Abstract 13633: ZP1210, a Novel Gap Junction Modulator, Attenuates Conduction Slowing and Prevents Cx43 Dephosphorylation During Metabolic Stress
Background: ZP1210 is a novel peptide from the same family as rotigaptide (ZP123) and AAP10, which are agents known to prevent gap junctional uncoupling. We used optical mapping to assess the effects of ZP1210 on conduction and action potentials in a model of metabolic stress and used immunoblotting to assess its effects on Cx43 phophorylation in the context of regional ischaemia.
Methods: Eight Sprague-Dawley rat hearts were isolated, perfused and loaded with the voltage-sensitive dye RH237. Hearts were perfused with either 50nM ZP1210 (n=3) or control (n=5) for 20 minutes, before being subjected to metabolic stress (hypoxic hypoperfusion at 5ml/min) for 30 minutes, and a subsequent 10 minutes of reperfusion with oxygenated perfusate at normal coronary flow rates. Epicardial activation was optically mapped every minute using a 256-photodiode array. A further 7 hearts were subjected to regional left anterior descending artery ischaemia (ZP1210: n=4, control n=3) for 30 minutes. Three segments of each heart were frozen for Cx43 immunoblotting: ischaemic anterior left ventricle (ALV), non-ischaemic posterior left ventricle (PLV) and non-ischaemic right ventricle (RV).

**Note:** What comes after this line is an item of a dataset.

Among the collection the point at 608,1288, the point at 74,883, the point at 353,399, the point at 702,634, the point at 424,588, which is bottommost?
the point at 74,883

Results: ZP1210 attenuated the conduction slowing observed after 30 mins of metabolic stress (Conduction velocity (CV) as % of baseline: ZP1210: 79.2 ± 2.7%, Control 58.9 ± 5.6% P<0.05). CV was fully restored after 10 mins reperfusion (Control: 98.1 ± 2.5%, ZP1210: 109 ± 9.3%, P=NS). Measures of optical action potential upstroke were not different between ZP1210 and control hearts after 30 mins metabolic stress (dF/dt max: ZP1210: 15.0 ± 0.4 U vs Control 16.2 ± 0.6 U; Rise time: ZP1210: 8.7 ± 0.1 ms vs Control 8.6 ± 0.2 ms; both P=NS). Optical action potential durations were also not significantly different. ZP1210 attenuated the degree of Cx43 dephosphorylation in ischaemic tissue (Phosphorylated:Total Cx43 ratio in ALV: ZP1210: 0.57 ± 0.07, Control: 0.44 ± 0.01).

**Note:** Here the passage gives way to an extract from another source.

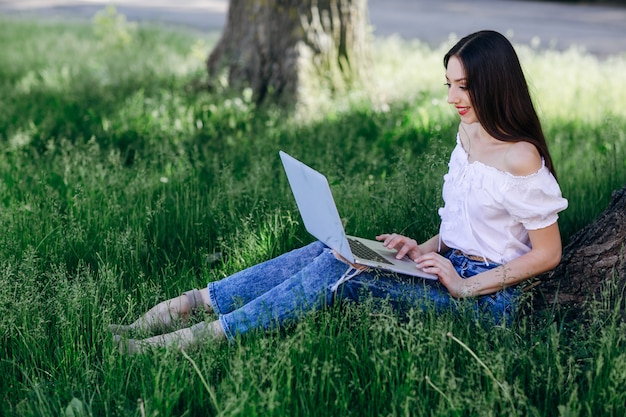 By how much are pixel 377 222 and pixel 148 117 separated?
8.39 ft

Conclusions: ZP1210 attenuated the conduction slowing that occurred during metabolic stress without any changes in action potential upstroke, and likely mediated its effects by preventing gap junctional uncoupling. ZP1210 prevented acute gap junctional uncoupling by preventing metabolic stress-induced Cx43 dephosphorylation.
- © 2010 by American Heart Association, Inc.